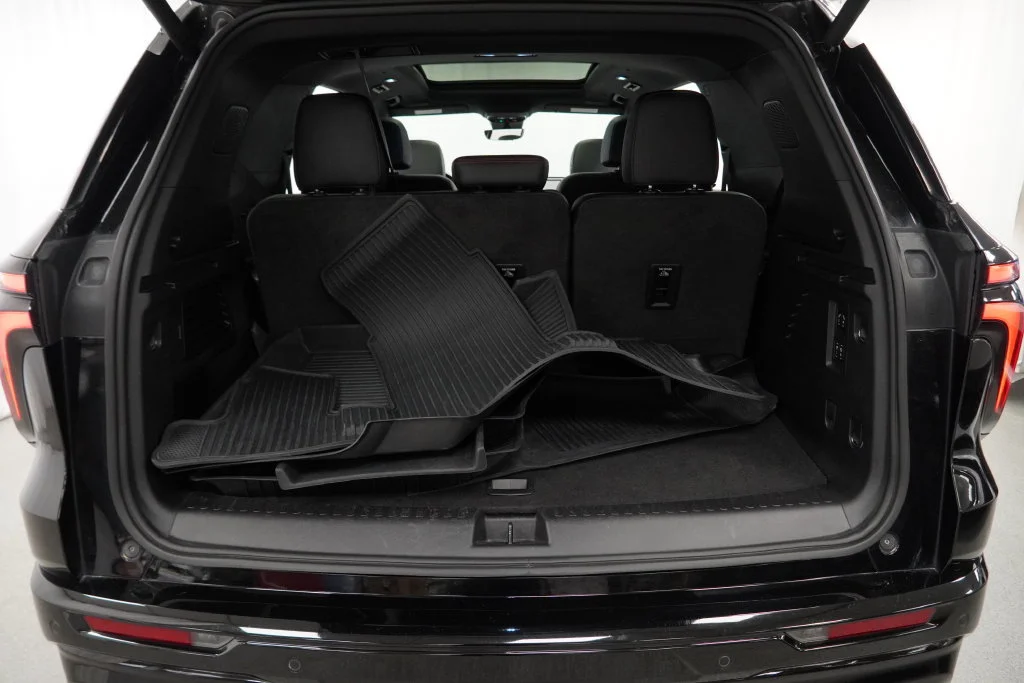 Used 2024 Mosaic Black Metallic Chevrolet RS image 30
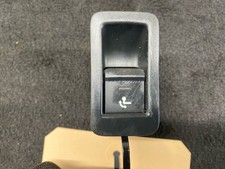 93384 switch for towbar Audi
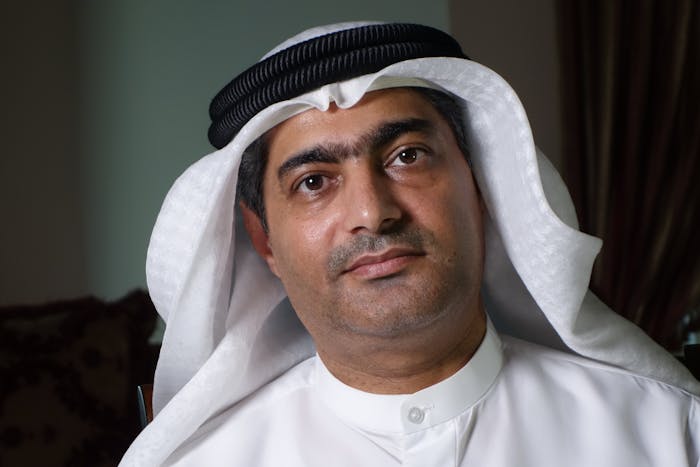 Ahmed Mansoor is in de Verenigde Emirtaen tot 10 jaar gevangenisstraf veroordeel nadat hij vreedzame berichten plaatste op sociale media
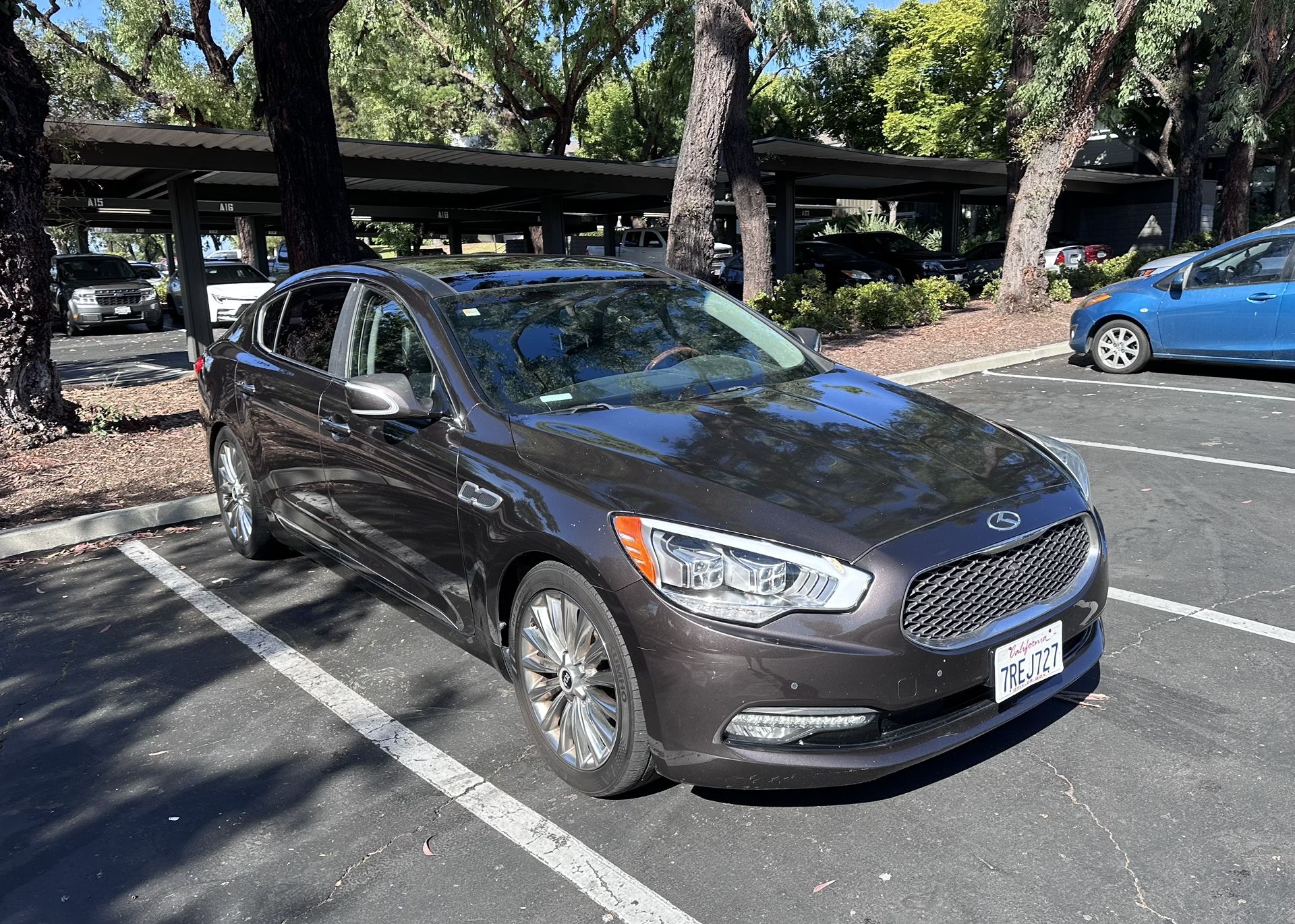 Kia K900 Luxury V8 5.0L 420HP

## TASK GOAL
In your copy of the material, match every word exactly and include no pictures.

## EXERCISE RESULT
 Used 2024 Mosaic Black Metallic Chevrolet RS image 30
 93384 switch for towbar Audi
 Ahmed Mansoor is in de Verenigde Emirtaen tot 10 jaar gevangenisstraf veroordeel nadat hij vreedzame berichten plaatste op sociale media
 Kia K900 Luxury V8 5.0L 420HP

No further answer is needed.